Not having the outputs tied into the code is actually preferable if the ultimate goal is reproducible science. Code should be code, documentation should be documentation, and outputs should be outputs. Having multiple copies of important code in non-version controlled files is not a good practice. Having documentation dispersed with questionable organization in unsearchable files is not good a practice. Having outputs without run information and timestamps is not a good practice. Its easy to fall in to those traps with Jupyter notebooks. It might speed up initial set up and experimentation, but I've been working academic labs long enough to see the downstream effects.
majormajor|1 year ago
But since most uses of Jupyter notebooks I've seen don't version control them much at all, it's not as useful in practice often.
spiralk|1 year ago
yunohn|1 year ago
epistasis|1 year ago
What a strange thing to assert, especially as a general overarching truth.
The best reports I have ever seen have matched code and output in the same file. There's never a question of what code generated a plot or a table with a notebook.
With .py files and separate outputs there's far more change for unreproducibke science, it's far messier, and for someone who doesn't appear to respect the organizational capabilities of academic labs, you are condemning them to far more poorly organized outputs.
> Having multiple copies of code
That doesn't have anything to do with notebooks. It's as silly as saying that a Python package is a poor idea because you say somebody repeat code across multiple places.
> non-version controlled files
Notebooks are no less version controllable than .py files.
> outputs with timestamps and run information
Jupyter notebooks are perfect for this, far superior to a directory of cryptically named outputs that need to be strung together in some order
> documentation dispersed with questionable organization
Using separate Python files rather than a notebook means that documentation can never be where it needs to be: next to the output. This is one of the ways that Python files are strictly inferior for generating results.
There are roughly two modes for notebooks: exploration with a REPL, and well-documented reports. The best scientific reports I have ever seen are notebooks (or R Markdown output) that are the full report text plus code plus figures.
spiralk|1 year ago
This is not a great way to make your argument, though you are not the not only one here making a personal judgement without even knowing about my background. These are all issues I have seen first hard. With most academic labs being funding limited, the "organizational capabilities of academic labs" seems irrelevant to me. In our field, no one is getting grants to manage code of any kind .py or .ipynb and I suspect its the same at most university labs. It's effort wasted that ultimately does take time away from the actual research that's fundable and publishable. As someone who has been responsible for wrangling people's notebooks in the past, it's enough of a problem that I would encourage to remove all .ipynb.
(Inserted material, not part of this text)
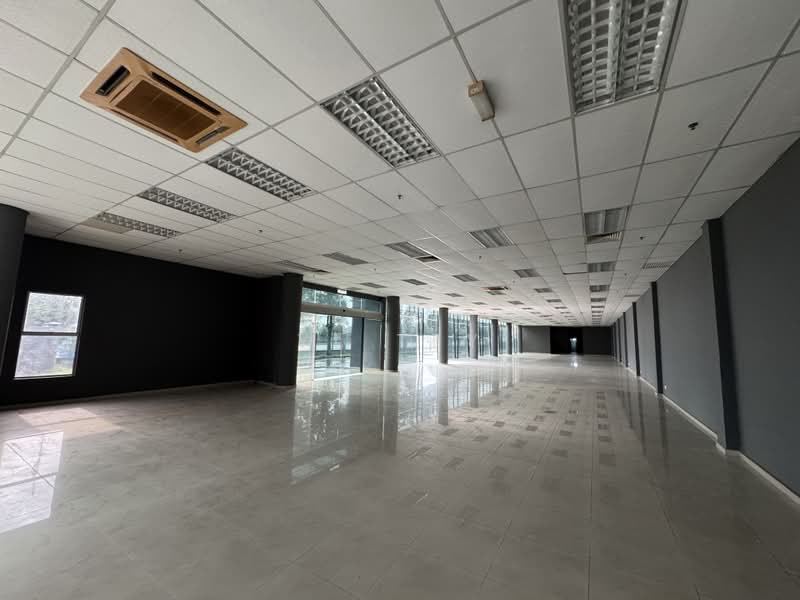 Gudang untuk Dijual di Bukit Jelutong (Shah Alam) - YL Tey - Corridor - PropertyGuru.com.my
> That doesn't have anything to do with notebooks. It's as silly as saying that a Python package is a poor idea because you say somebody repeat code across multiple places.
Human factors make jupyter notebooks lead to the problems I have listed. The issues are most apparent with large groups and over long periods of time. Python and other programming languages already solved most of these problems with git. There isn't a tool that is as elegant and scales from individuals to massive organizations.
> There are roughly two modes for notebooks: exploration with a REPL, and well-documented reports. The best scientific reports I have ever seen are notebooks (or R Markdown output) that are the full report text plus code plus figures.
The REPL functionality is handled by .py cell execution, as I’ve mentioned in other comments. It baffles me how the minimal effort saved by not using separate tools -- one for code, one for documentation -- justifies the issues it introduces.